Miller, a musician, arranger, composer and bandleader, helped define the swing era and was one of the best-known recording artists from 1939 to 1942, thanks in part to a distinctive sound that emphasized melody and complimentary harmonic lines. During that period, The Glenn Miller Orchestra recorded seventeen Top 10 hits – including “In the Mood,” “Chattanooga Choo Choo,” “Tuxedo Junction,” “Little Brown Jug,” “Moonlight Serenade” and “Pennsylvania 6-5000,” making it, arguably, the most popular Big Band of its time.

During the early 1940s, Miller’s popularity was so great that he was earning about $20,000 a week. His Big Band was featured three times a week during a 15-minute radio broadcast for Chesterfield cigarettes on CBS, and Miller and his group appeared in two movies: 1941’s “Sun Valley Serenade” featuring Milton Berle, and 1942’s “Orchestra Wives” featuring Jackie Gleason.
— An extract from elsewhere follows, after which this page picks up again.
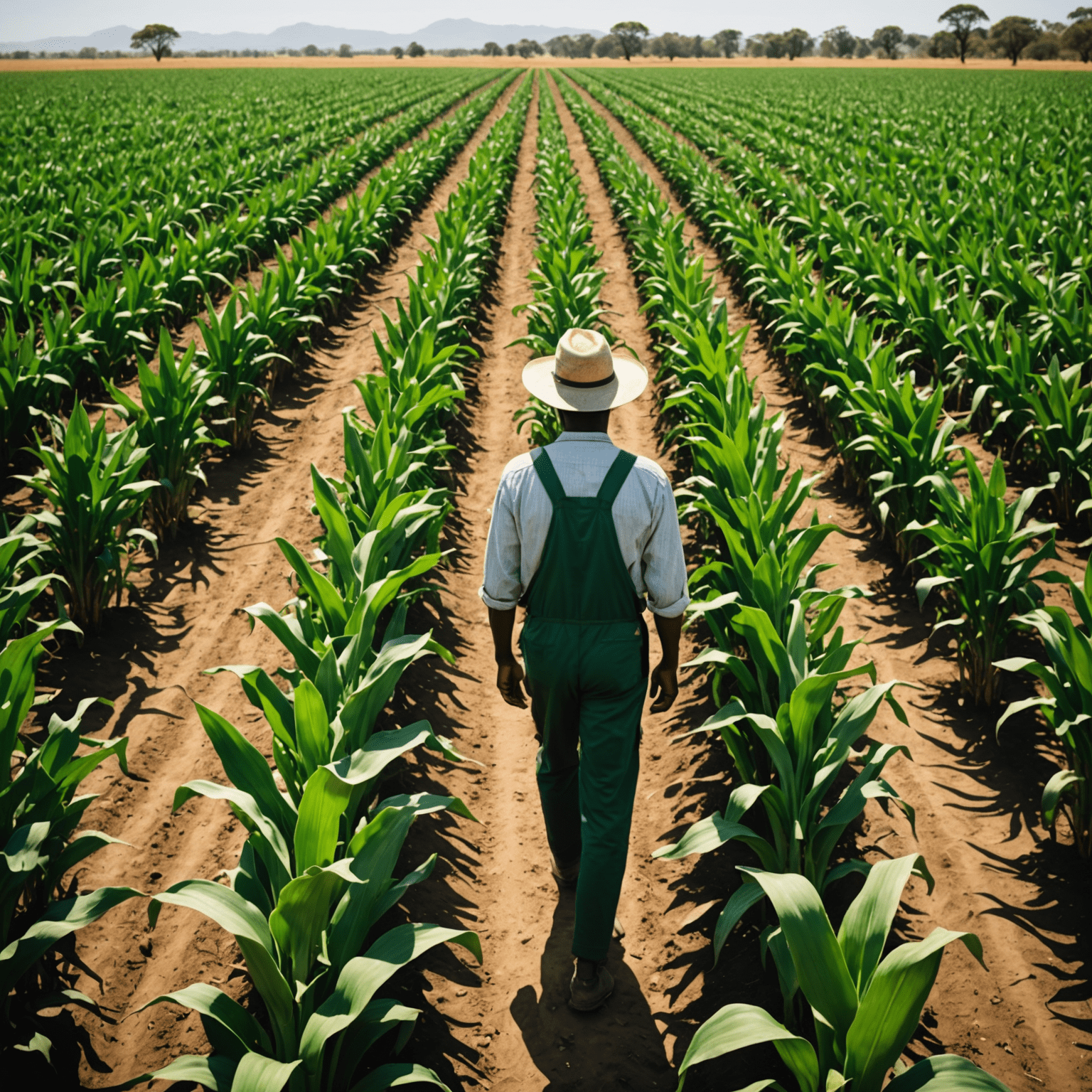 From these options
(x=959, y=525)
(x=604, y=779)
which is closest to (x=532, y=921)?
(x=604, y=779)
But in 1942, at the peak of his civilian career, Miller decided to forgo further fame and fortune and persuaded the U.S. Army to enlist him at age 38 so he could “be placed in charge of a modernized Army band.” He was soon transferred to the Army Air Corps, which later would become known as the Air Force, where he attained the rank of captain and led a military band that performed more than 800 concerts, live and over the radio, to thousands of American troops – and millions of other listeners. Those appearances established him as a beloved patriot and entertainer among a generation of Americans that would later become known as “The Greatest Generation.”

During his brief military career, Miller earned numerous awards, including the Bronze Star Medal, The World War II Victory Medal, campaign medals in America, Europe, Africa and the Middle East and The Marksman Badge with Carbine and Pistol Bars.